■宣教師への教訓(2) – ボルシチが意味したこと

「ねえ、メニューはわかっているでしょ。ボルシチと黒パンと、サーラ(注1)。ガルチッツァ(注2)も忘れないでね。あと、ボルシチにはいつものように、ネギをたっぷりね。」

注1) ウクライナ名物で、豚の脂身を塩漬けにしたもの。ベーコンの赤いところを取り除いて、もっと塩気を強くしたもの。一口食べるだけで血管が詰まる様な気がする。
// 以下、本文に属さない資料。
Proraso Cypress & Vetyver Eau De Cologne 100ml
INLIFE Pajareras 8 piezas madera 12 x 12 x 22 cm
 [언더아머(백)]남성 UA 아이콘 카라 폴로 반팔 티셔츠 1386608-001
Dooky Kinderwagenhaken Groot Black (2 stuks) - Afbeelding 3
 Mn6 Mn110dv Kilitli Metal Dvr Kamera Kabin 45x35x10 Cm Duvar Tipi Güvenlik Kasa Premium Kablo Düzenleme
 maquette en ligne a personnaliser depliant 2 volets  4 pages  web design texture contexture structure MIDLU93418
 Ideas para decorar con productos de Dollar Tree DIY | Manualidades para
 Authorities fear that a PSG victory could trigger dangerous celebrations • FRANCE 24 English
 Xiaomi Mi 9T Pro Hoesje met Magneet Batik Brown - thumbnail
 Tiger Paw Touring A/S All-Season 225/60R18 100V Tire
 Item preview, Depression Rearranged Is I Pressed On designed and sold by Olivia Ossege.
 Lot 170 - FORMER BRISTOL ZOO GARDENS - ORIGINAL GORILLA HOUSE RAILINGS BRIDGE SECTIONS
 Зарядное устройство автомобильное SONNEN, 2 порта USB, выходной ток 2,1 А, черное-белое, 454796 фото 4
注2) 辛子のこと。粉状のものをスプライトで練ると、非常に強烈な辛子ができる。

現地の友人とのそんな会話を横で聞いていたアメリカ人宣教師の友人があんぐりと口を開けています。

「あなた、そんなことできるの?」
「そんなことって?」
「現地の人の家に行ってごちそうになるだけじゃなく、何を食べたいかまで注文するってこと。」
「うん。この人たちの家に行く時はいつもそうだよ。」

その宣教師はさらに唖然とします。外国人と現地の人たちとは、経済状態が明らかにはるかに違うため、外国人は、できるだけ彼らに負担をかけないように気を遣うのです。

だから私のように、自分から何を食べたいか注文するのは考えられないことなのです。私を見て、宣教師のくせになんと図々しいんだろうと思った外国人は少なからずいたに違いありません。でも何を隠そう、私にはそうやって自分が何を食べたいかはっきりと言える現地の友だちが何人かいました。

それでもふと、そんなことをしてもいいと思い込んでいるのは自分だけかもしれないと思い、実際に確認してみることにしました。